Ironisnya, demokrasi telah berubah menjadi tontonan politik di banyak negara saat ini, dengan penduduk hanya digunakan sebagai alat peraga untuk mobilisasi politik dan kemudian diabaikan setelah pemilihan umum selesai.
Demokrasi kehilangan maknanya ketika uang mulai menjadi pusat perhatian dalam politik. Partai politik dan kandidat kini bersaing berdasarkan kekuatan finansial dan besarnya dana kampanye, bukan visi dan tujuan.
Kepentingan sekelompok kecil elit yang memiliki akses dan pengaruh finansial mengalahkan suara rakyat yang sebenarnya. Media massa.yang seharusnya menjadi pilar keempat demokrasi, sering kali berubah menjadi wahana penciptaan opini dan propaganda yang didominasi oleh kepentingan tertentu.
Polarisasi dan ujaran kebencian telah mencemari ruang publik, yang seharusnya menjadi tempat untuk diskusi kritis dan berbagi ide, sehingga membahayakan kekompakan masyarakat.
Pendidikan Politik yang dangkal semakin memperburuk kondisi. Masyarakat tidak lagi diberikan pemahaman mendalam tentang hakikat demokrasi, hak-hak konstitusional, dan tanggung jawab kewarganegaraan. Mereka hanya dijejali narasi-narasi sederhana, emosional, dan provokatif yang mudah memecah belah.

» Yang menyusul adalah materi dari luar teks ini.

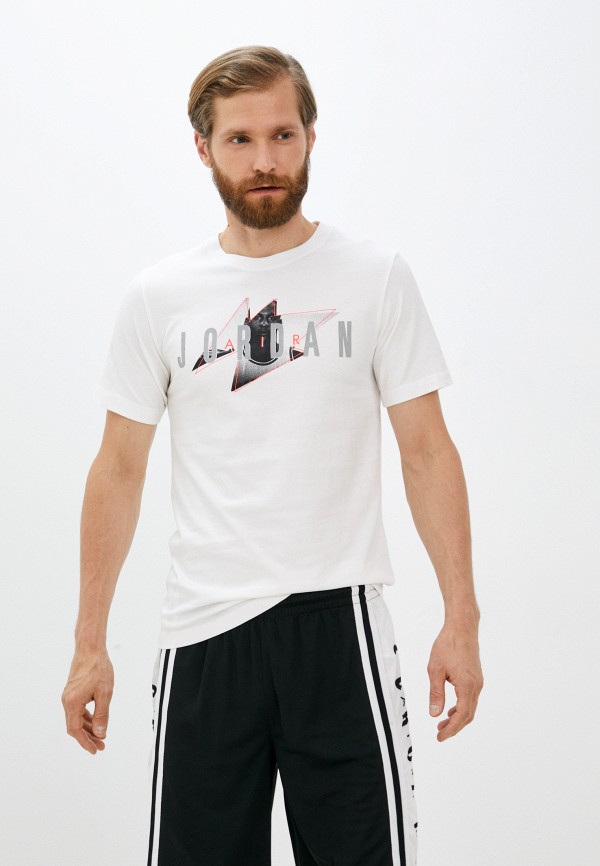 

Футболка Jordan, Белый, M J AIR JORDAN GRFX TEE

Selain itu, sistem pengawasan dan keseimbangan yang seharusnya mencegah pemusatan kekuasaan di satu lengan pemerintahan semakin memburuk. Lembaga-lembaga negara kini dipengaruhi oleh tujuan-tujuan politik yang pragmatis, alih-alih berdiri sendiri.
Dalam lingkungan di mana keadilan tampak selektif dan tidak seimbang, penegakan hukum telah kehilangan rasa hormatnya. Meningkatnya ketidakpedulian dalam pemungutan suara merupakan tanda runtuhnya kepercayaan pada proses demokrasi.

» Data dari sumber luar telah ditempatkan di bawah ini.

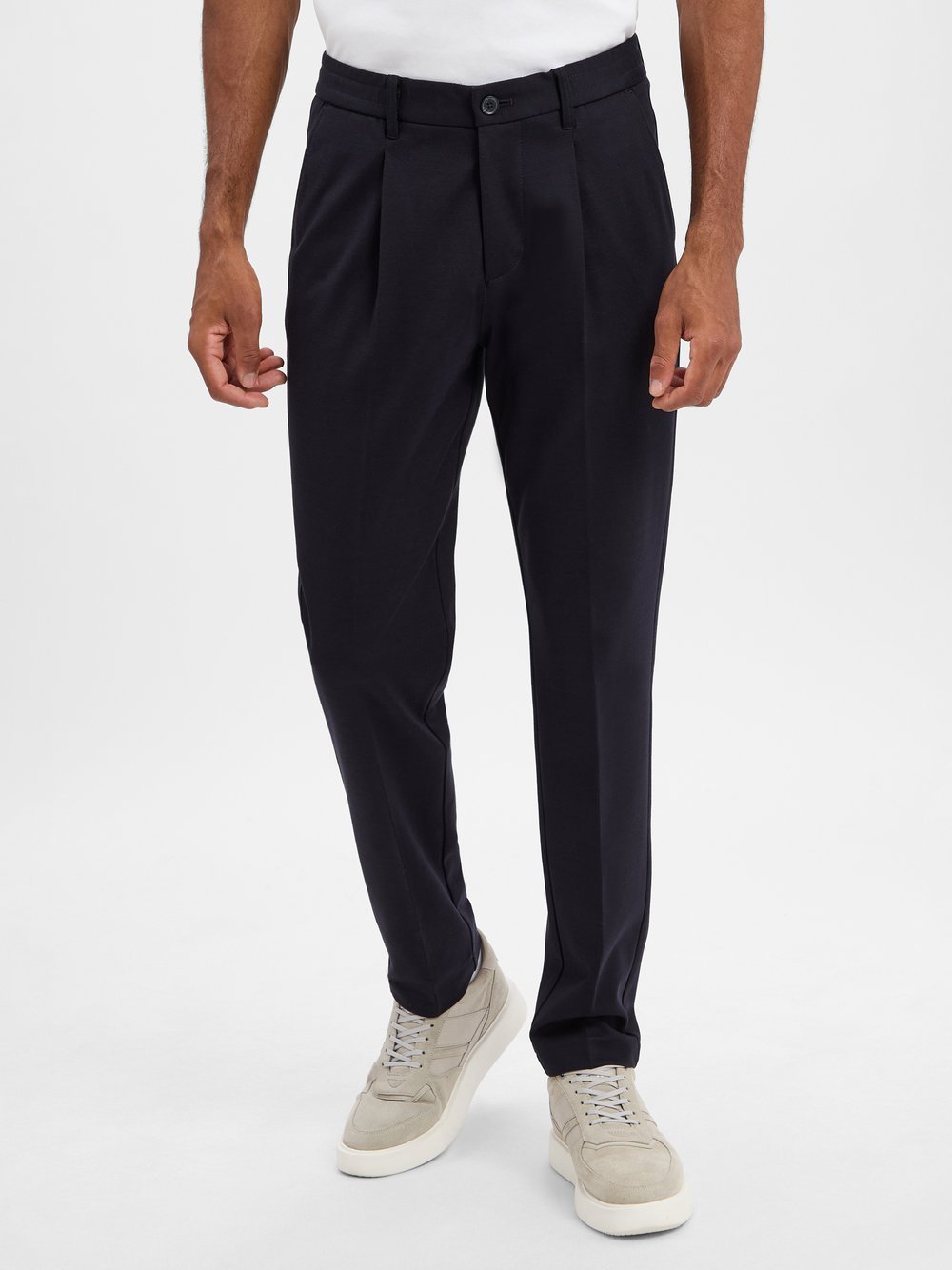 Marc O'Polo Bundfaltenhose Herren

Demokrasi terancam kehilangan signifikansinya ketika orang-orang percaya bahwa suara mereka tidak lagi didengar dan ketika janji-janji politik terus-menerus dilanggar.
Namun, hal itu tidak berarti tidak ada harapan. Demokrasi adalah proses berkelanjutan yang menuntut kesadaran kelompok. Harus ada generasi baru yang memahami demokrasi secara utuh, bukan hanya formalitasnya. Mereka harus mampu memperbaiki sistem yang rusak dan membangunnya kembali atas dasar kejujuran, moralitas, dan perhatian yang tulus terhadap kesejahteraan rakyat.
Mengembalikan martabat demokrasi memerlukan pendidikan kritis, literasi digital, pengawasan partisipatif, dan pola pikir bahwa kekuasaan selalu dipahami. Alih-alih hanya menonton atau menjadi korban dari unjuk kekuatan, setiap warga negara harus menjadi pelindung demokrasi yang tulus.
Demokrasi perlu diperjuangkan, bukan sekadar hasil akhir. Semua aspek masyarakat harus bekerja keras, berdedikasi, dan berpartisipasi aktif untuk terus melindunginya dari berbagai bentuk penyimpangan dan korupsi yang berarti. Sekaranglah saatnya untuk memikirkan kembali demokrasi sebagai cara hidup yang menghormati kesetaraan, keadilan sosial, dan martabat manusia, bukan hanya sebagai sebuah proses.